From: Betty McBreen (mcbreen@sgs1.hirg.bnl.gov)
Date: Tue Feb 11 2003 - 08:55:00 EST

  • Next message: Eun-Joo Kim: "drift velocity"
    ----- Original Message -----
    From: "Tony W. Chan" <tony@voyager.rhic.bnl.gov>
    To: <mcbreen@bnl.gov>; <ejkim@bnl.gov>; <chujo@bnl.gov>; <momchil@bnl.gov>;
    <burt@bnl.gov>; <belt@bnl.gov>; <didenko@bnl.gov>; <jeromel@bnl.gov>
    Cc: <throwe@bnl.gov>; <tomw@bnl.gov>
    Sent: Monday, February 10, 2003 5:27 PM
    Subject: CRS job notification
    
    
    > Hi,                            Feb. 10, 2003
    >
    > After lots of debugging, I put into production
    > a enhanced CRS job notification protocol. There
    > are now 4 new categories of job failures that
    > will notify whoever has been designated in the
    > JDF file (i.e., bramreco, phnxreco, phobreco,
    > starreco). In principle, it will go to either
    > rcrsuser1 or rcrsuser2 (when available). The
    > default (if database is missing that info)

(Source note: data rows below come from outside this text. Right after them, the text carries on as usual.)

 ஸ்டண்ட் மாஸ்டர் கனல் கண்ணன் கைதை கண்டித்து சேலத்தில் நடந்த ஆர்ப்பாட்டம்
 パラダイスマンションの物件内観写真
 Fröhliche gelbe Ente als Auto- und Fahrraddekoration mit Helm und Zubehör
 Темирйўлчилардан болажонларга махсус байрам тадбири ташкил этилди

    > is rcrsuser1. If you get a message with one
    > of the following key words, it means the
    > faulty job has been cleaned up, and you should
    > resubmit it.
    >
    > This type of notification will only occur twice
    > a day per experiment, since I use a cron job to
    > look for these discrepancies. I limit it to twice
    > a day to avoid overloading the database with
    > requests.
    >
    > Please pass this message to the person(s) submitting
    > jobs for your respective experiment to notify them
    > of this update. Thanks.
    >
    > Cheers,
    >
    > Tony
    >
    > *****************************************************
    >
    > 1) transfer failed --> job in database, but not in
    >                        the assigned node. One or
    >                        more of the input and/or
    >                        JDF file(s) did not transfer
    >                        successfully to CRS node
    >
    > 2) msg. failed     --> job status says "executing",
    >                        but "ps" shows job not running.
    >                        Assume failed to "transfer out"

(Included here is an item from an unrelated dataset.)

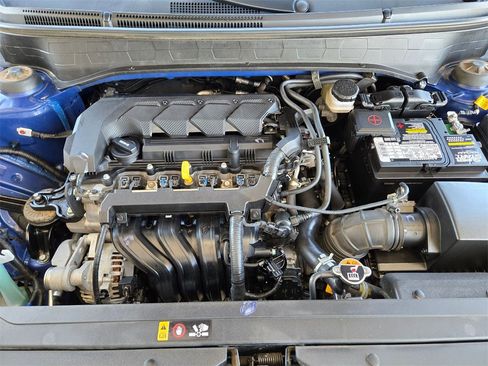 Used 2023 Hyundai Venue Limited image 31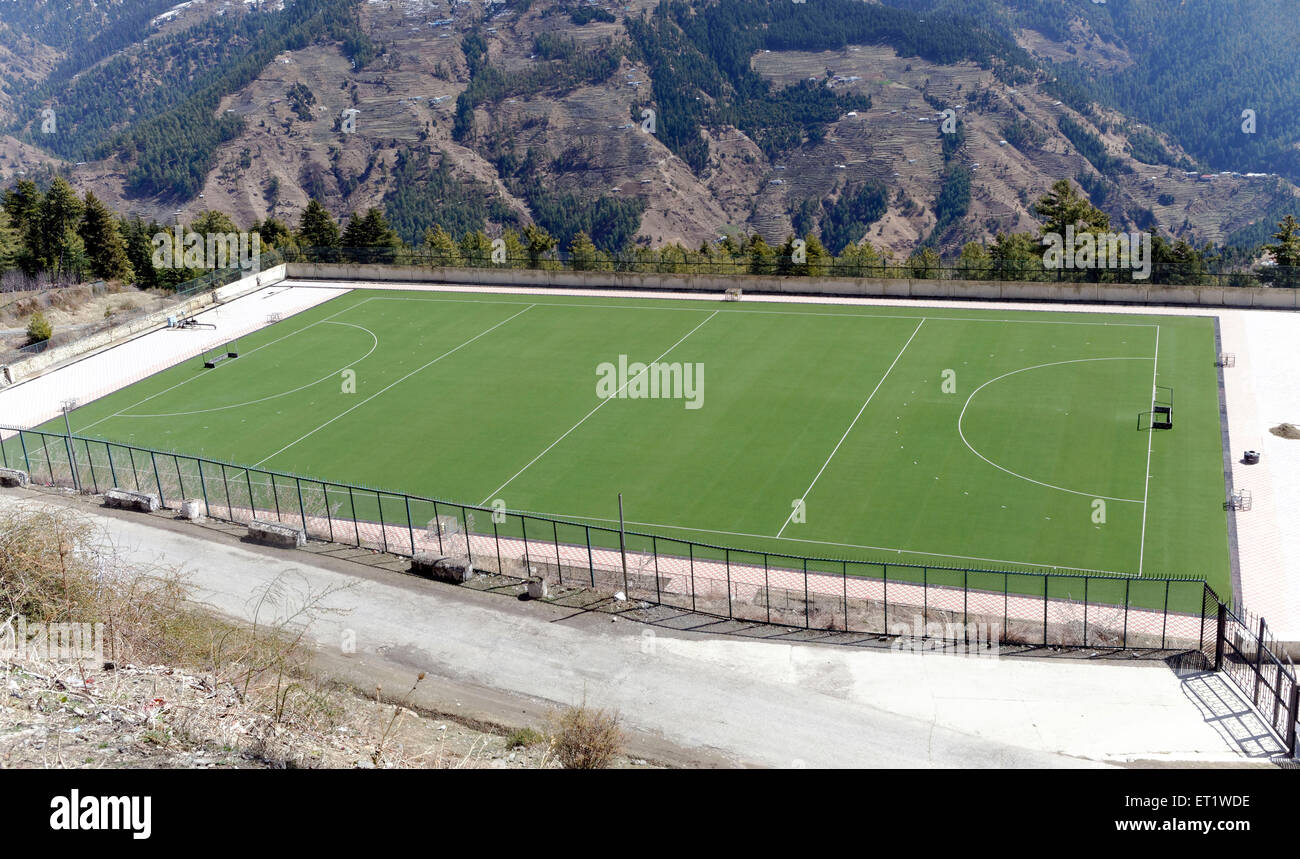 Haute Altitude Rajiv Gandhi Hockey artificiel la masse à l'Himachal Pradesh Inde Asie Banque D'Images Haute Altitude Rajiv Gandhi Hockey artificiel la masse à l'Himachal Pradesh Inde Asie Banque D'Images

    >                        due to message passing failure.
    >
    > 3) db failed (1)   --> job in node (and # of "running"
    >                        jobs in db > 0), but partial db
    >                        info is missing. Assume db update
    >                        failed.
    >
    > 4) db failed (2)   --> job in node (and # of "running"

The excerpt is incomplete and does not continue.